Praise for Trobairitz:
“Owen pounds out sombre love, transcendent rhythms, and gender-bending boldness … Trobairitz starts the heart like the thud of a bass line and opens the mind like a scream, poem after poem.”
—Quill & Quire
“In this subtle but gripping blend of time and place and sexualities, Catherine Owen has created a modern epic in which a contemporary female voice from the metal scene reclaims the troubadour tradition, imagining the equality of the sexes in even these most heavily male-dominated musical worlds. Part love story, part musical proclamation of independence, Owen moves us through time and space to explore how women who ‘go first’ may struggle, but are not alone and in fact, are part of a long, long tradition.”
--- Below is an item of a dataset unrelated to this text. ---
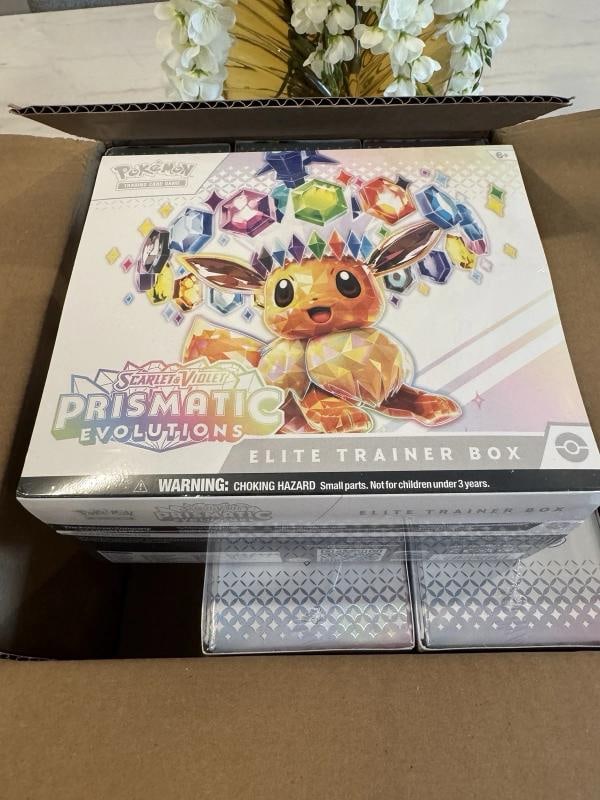 Pokemon Prismatic Evolutions Elite Trainer Box ETB 6X Case - 2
—Kate Braid, author of Turning Left to the Ladies
“Describing metal fans as ‘raw birds, eyes banged out of their heads,’ Owen’s loving scorn allows her to walk a fine line between paying homage to the subculture and dissecting its darkness.”
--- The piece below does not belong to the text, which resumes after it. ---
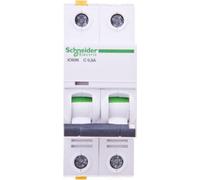 Disjoncteur 2P C 0,5A 6kA AC iC60N-C0,5-2 A9F04270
— Jonathan Ball, Winnipeg Free Press
“With resonant echoes of Provençal rhythms met with daringly applied alchemic metal, riffing upon and ripping out the roots of the word ‘trobar’ (to find), Trobairitz contemporaneously susses out medieval troubadours in a mournful place, yet one rife with the jocular spirit of courtly love. Catherine Owen is a formidably talented poet, and this is a striking addition to her oeuvre.”
—Garry Thomas Morse, author of Discovery Passages
Catherine Owen is a Vancouver poet and writer, the author of nine collections of poetry. A book of essays and memoirs, Catalysts: Confrontations with the Muse, was published earlier this year. Catherine’s work has appeared in periodicals throughout Canada, Austria, NewZealand, and Australia. Her books and poems have been nominated for numerous awards, including the Gerald Lampert Award, the BC Book Prize, the ReLit Award, the George Ryga Award for Social Awareness in Literature, Short Grain, and The Earle Birney Prize. Her last book of poetry, Frenzy (Anvil), won the Alberta Literary Award in 2009. She has a Masters degree in English and played bass in the metal bands Inhuman and Helgrind. Her current metal project is Medea.